Friday, April 5 6:30 – 9 p.m. | 150 Manufacturing St. 

This little shindig is typically my favorite event of the week. A good number of galleries in the Design District are centered around a strip called River Bend and on this Friday night, the doors will be open, and you can wander in and out of Erin Cluley Gallery, Keijsers Koning and 12.26, to name a few. Pop over a few blocks in one direction and find Cris Worley Fine Arts and Holly Johnson; head in another direction to Galleri Urbane. More here.

Brian Fridge: View Finder

Friday, April 5, 5 – 7 p.m. | Dallas Contemporary, 161 Glass St. 

Just days before the total solar eclipse, the Dallas Contemporary hosts an evening of “cocktails and celestial celebrations.” Last month, the museum debuted work by video artist Brian Fridge, commissioned by the Simons Foundation, as part of its “in the path of totality” initiative. This event will serve as the launch of the limited-edition artist publication designed by Travis LaMothe and will feature soundscapes by Denver singer-songwriter Julie Davis, better known as bluebook.
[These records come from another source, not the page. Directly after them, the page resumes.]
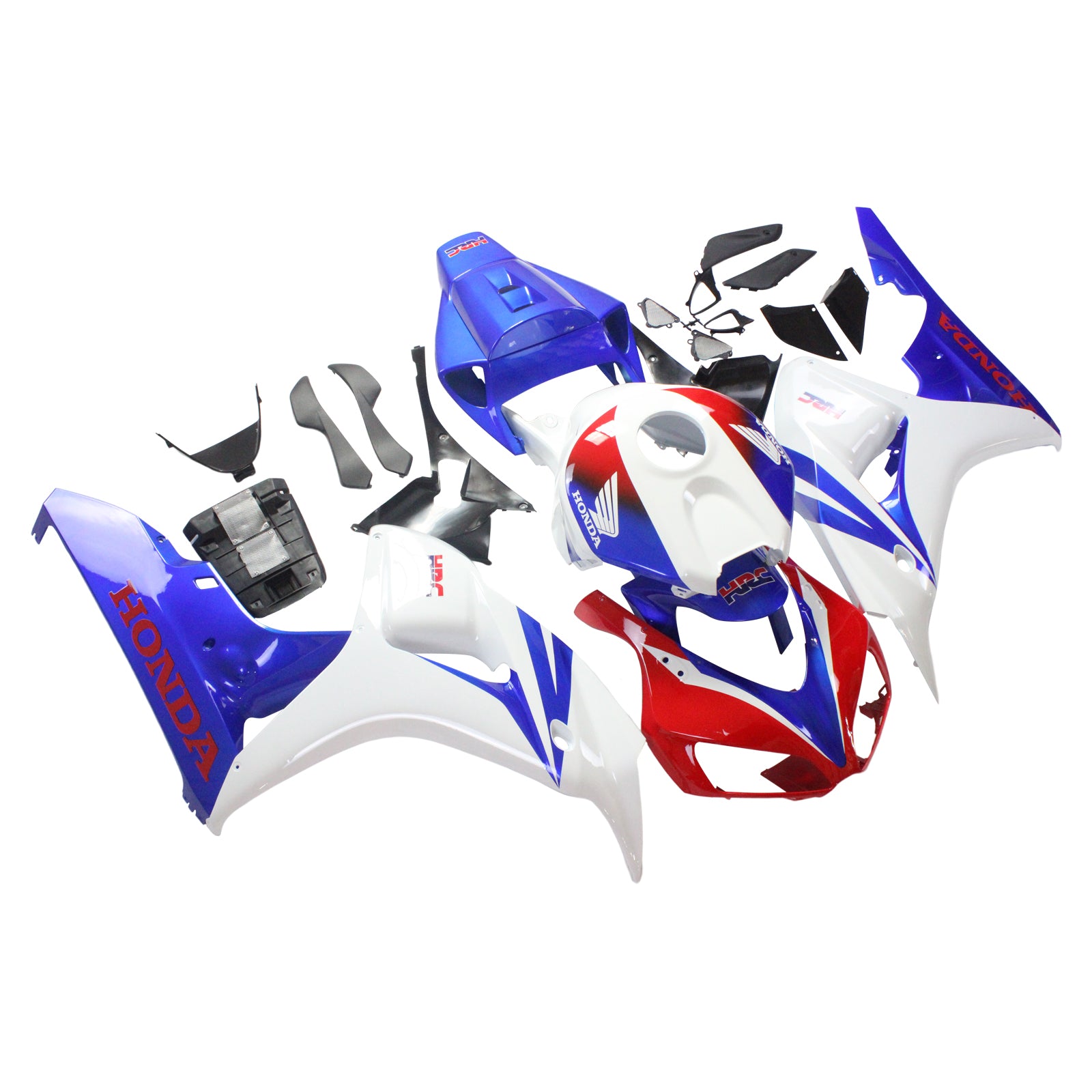 Kapoty Amotopart Honda CBR1000RR 2006-2007 Rádium červené bílé modré HRC Racing Fairing Kit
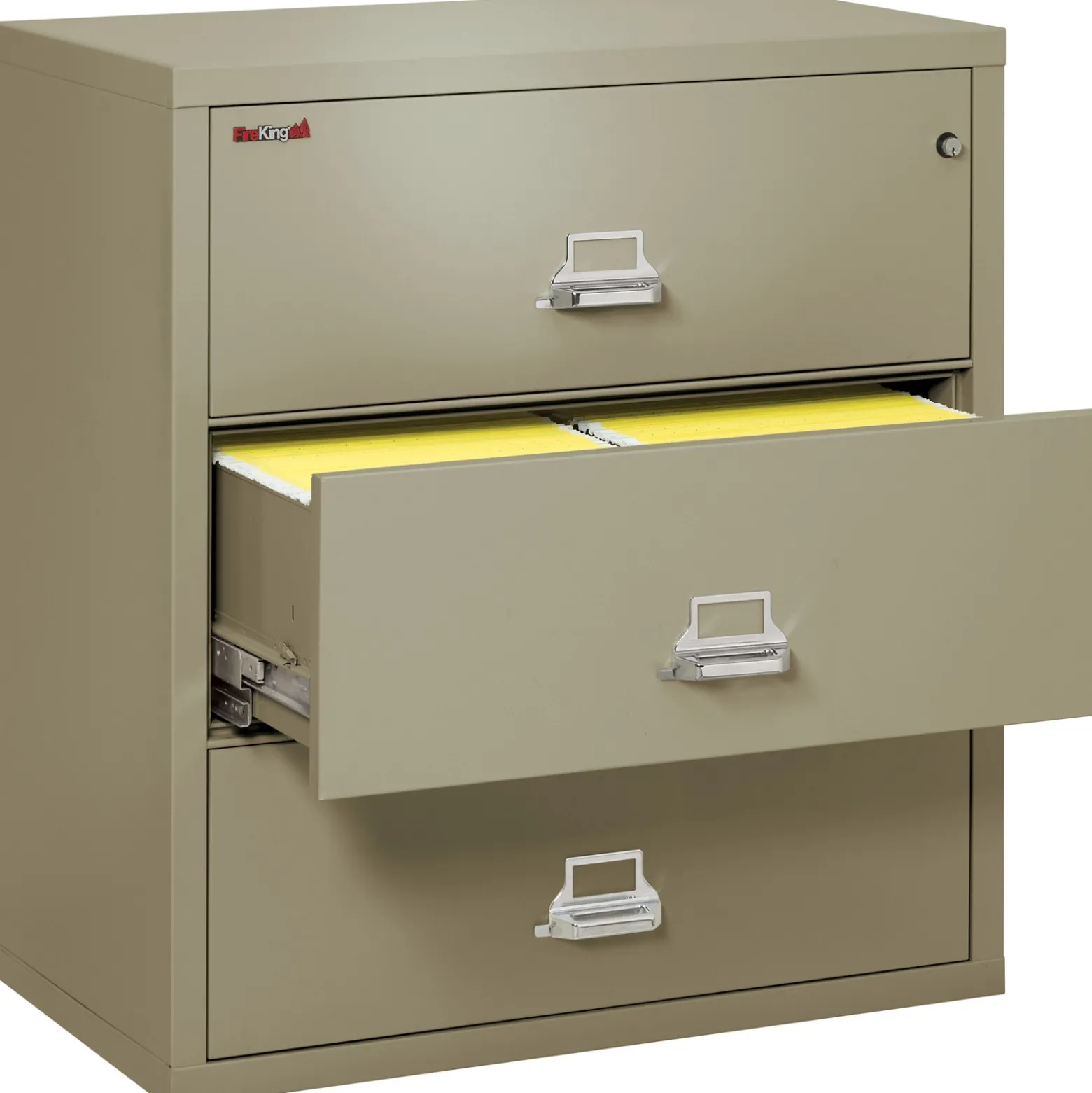 Three Drawer Fireproof Lateral File - 38"W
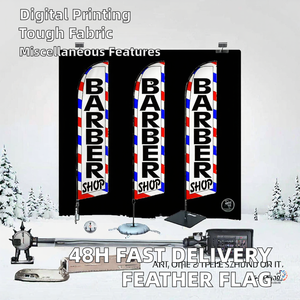 48h consegna rapida personalizzato 100% poliestere doppio lato stampa dello schermo pubblicitario Swooper bandiera di piume per bandiere promozionali - Product Image 3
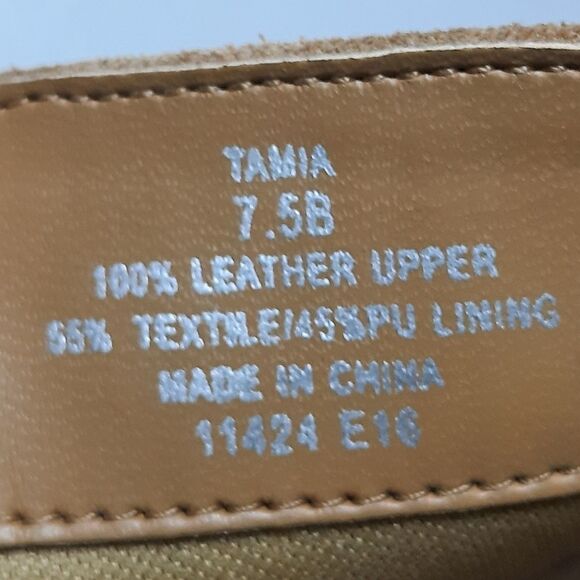 Lauren Ralph Lauren Tamia Suede Wedge Bootie Tan Chestnut 7.5B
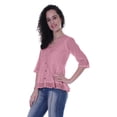thumbnail image 4 of Moomaya Blouse Ethnique en Coton Peplum Col en V pour Femmes, 4 of 6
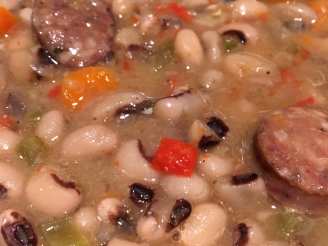 Crock Pot Black Eyed Pea and Sausage Soup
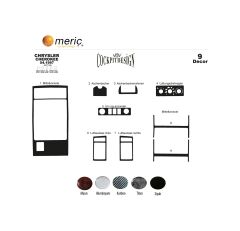Meriç® Chrysler Cherokee Ön Torpido Kaplama 9 Parça 1997-2004 (530156077)-Maun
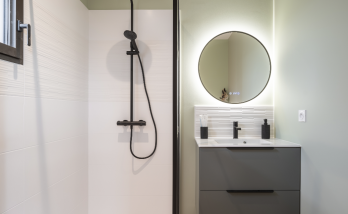 Création d'une salle de bain pour les invités au Bignon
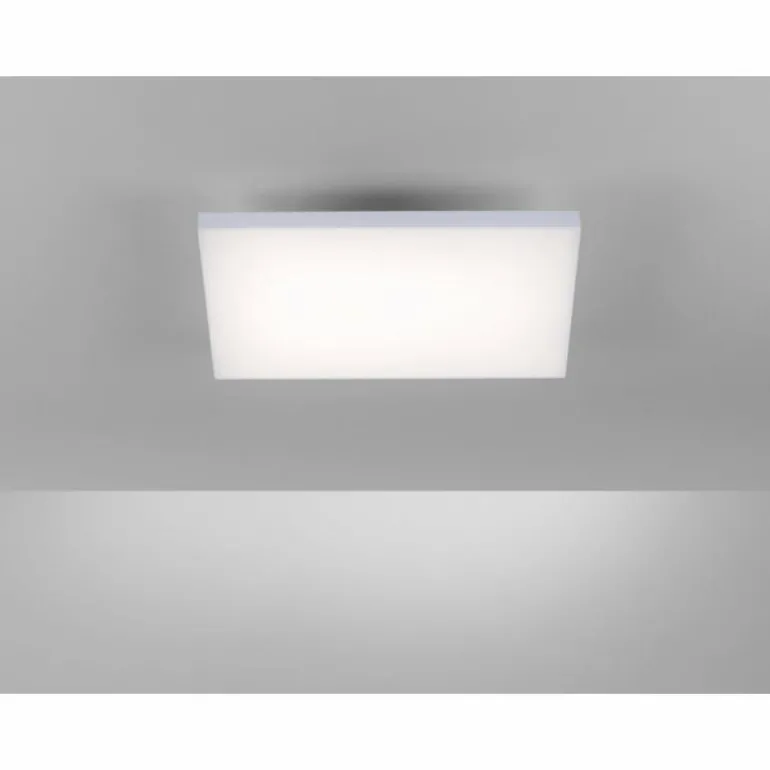 Plafonnier Leuchten-Direkt CANVAS LED Blanc, 1 lumière, Télécommandes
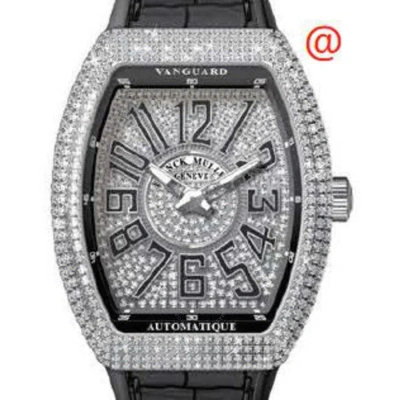 Franck Muller Vanguard Automatic Diamond Silver Dial Men's Watch V41satdcdacnr(diamnrac) In Gold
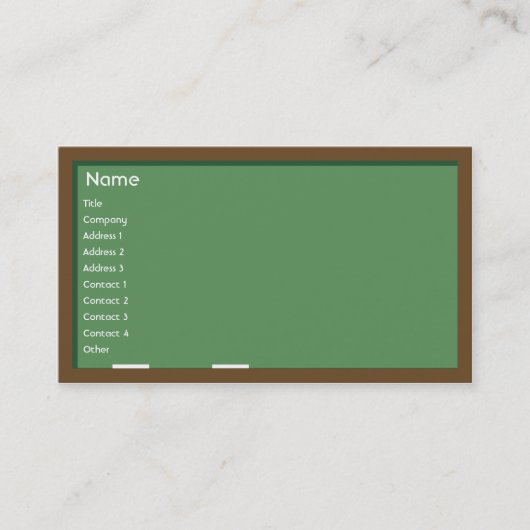 Chalkboard - Business Visitekaartje (Voorkant)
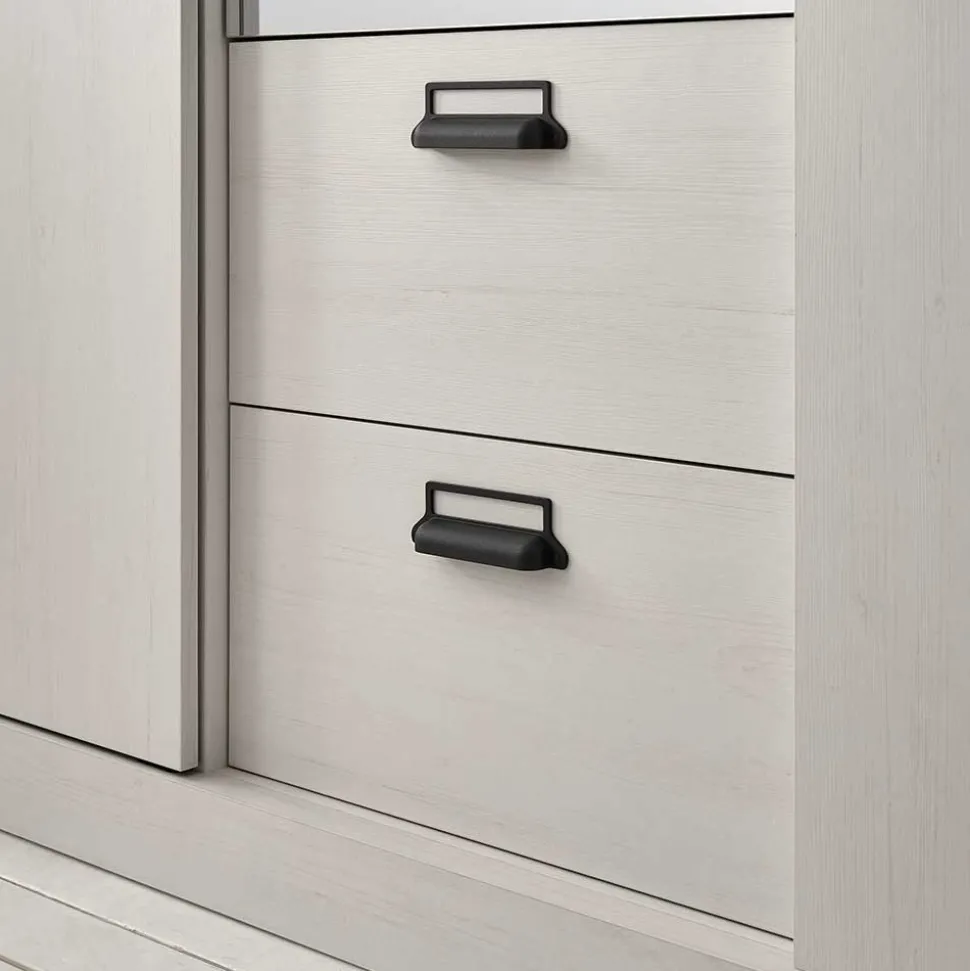 Schlafzimmer-Möbel-Set mit Bett 140x200 - Tramos (fünfteilig)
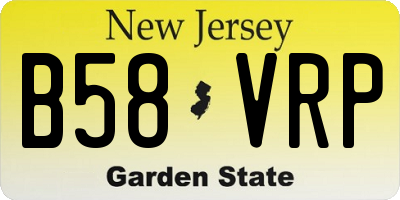 NJ license plate B58VRP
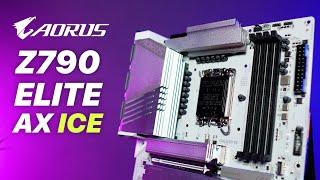 Dit moederbord is Top voor JOUW White Pc Build! | Z790 Aorus Elite AX ICE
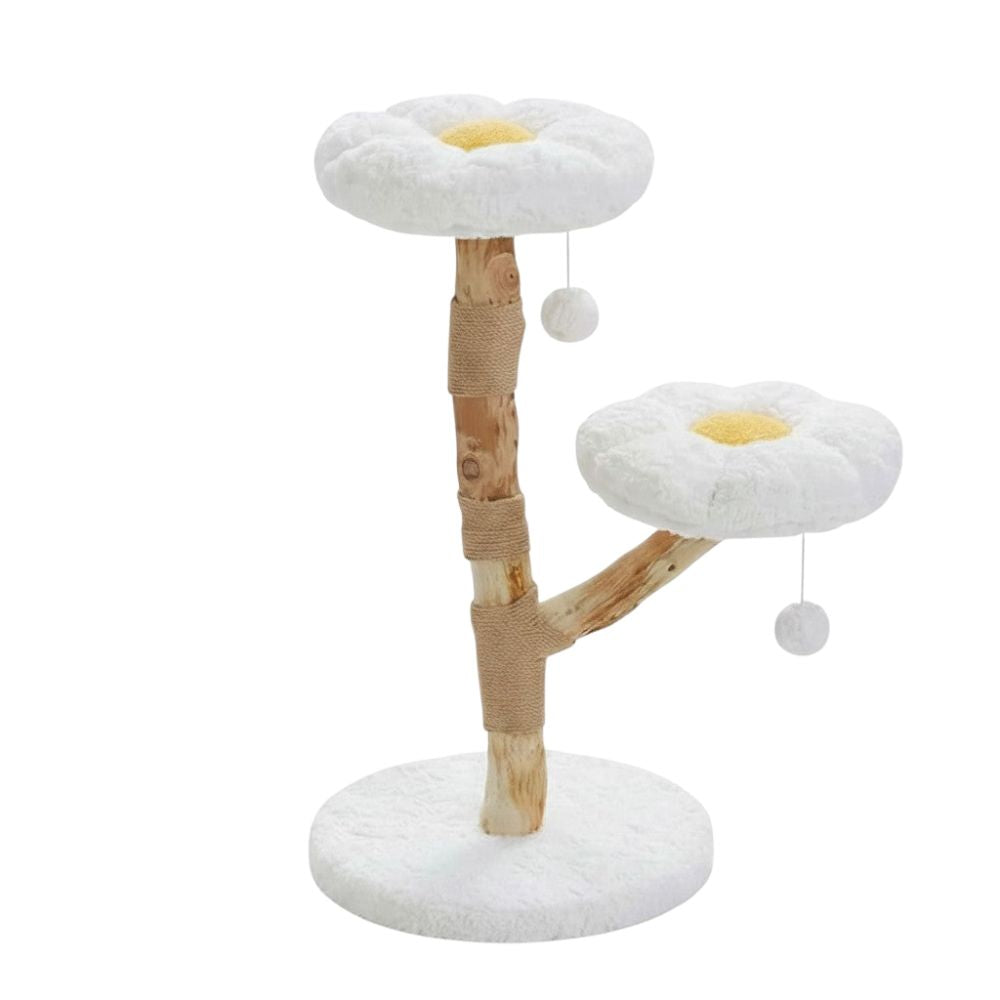Arbre à Chat Bois Flotté Texture Irrégulière 92cm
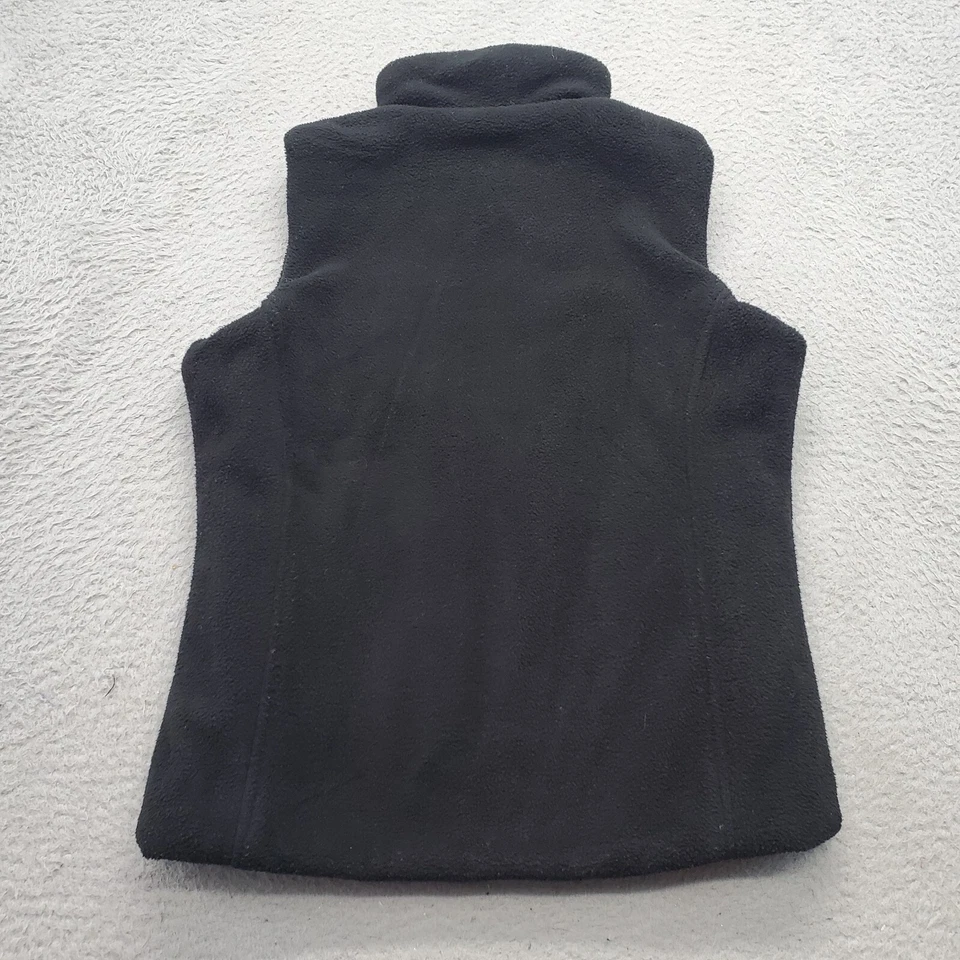 Жилет женский Carolyn Taylor маленький черный двусторонний флисовый без рукавов на молнии - Изображение 4 из 4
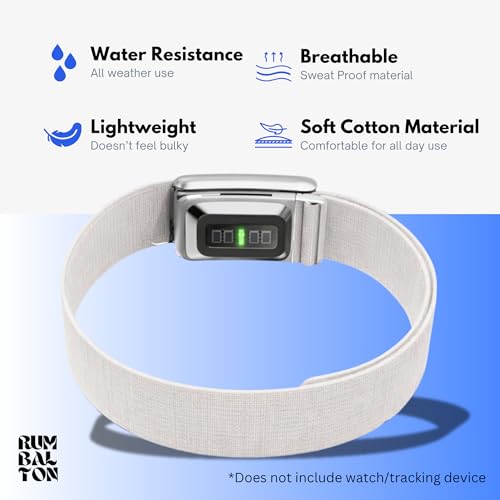 Image of Hydra Soft Bicep Strap for WHOOP 5.0 One /Peak /Life MG Band - Breathable Adjustable Waterproof Replacement Bicep Strap for WHOOP Band 5.0 - Not Compatible with Gen 4 (Off White, Life /Mg)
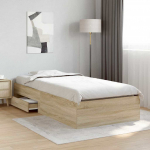 Voodi raam sahtliga ladustamisega pruun 90 x 190 cm tehispuit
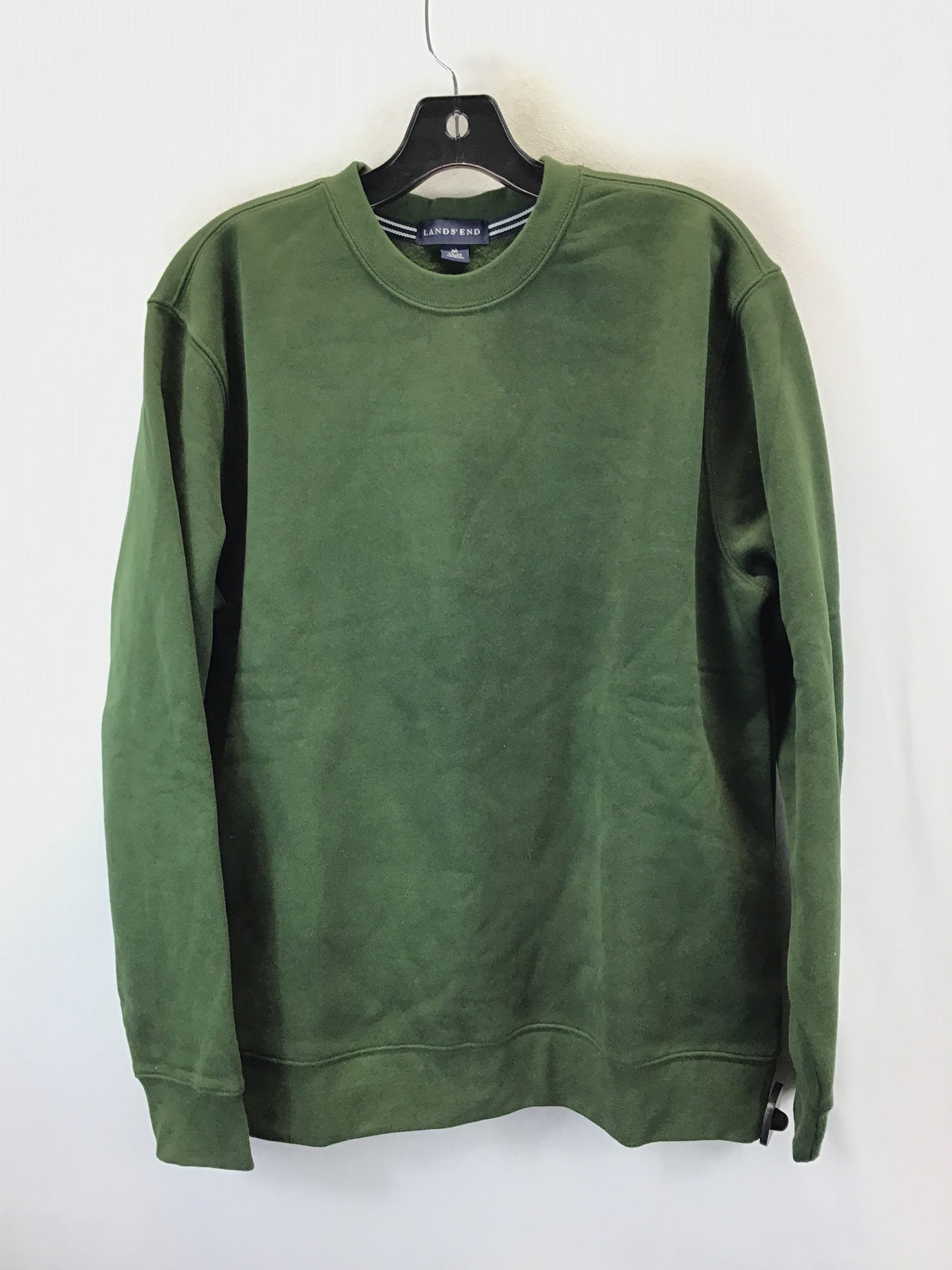 Sweatshirt Crewneck By Lands End In Green, Size: M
More info and registration here.

Video Art Nights, presented by AURORA

Friday, April 5, 6-10 p.m. | Pegasus Plaza, 1500 Main St. 

Everyone’s favorite biannual art and light festival, AURORA, curates a night of immersive video art. The event will transform a corner of downtown Dallas into the hub of vibrant music and projection. Participating artists include Zak Loyd, Kristin Lucas, and Nick Bontranger. More info here.

Saturday, April 6, 1-4 p.m. | Nasher Sculpture Center, 2001 Flora St. 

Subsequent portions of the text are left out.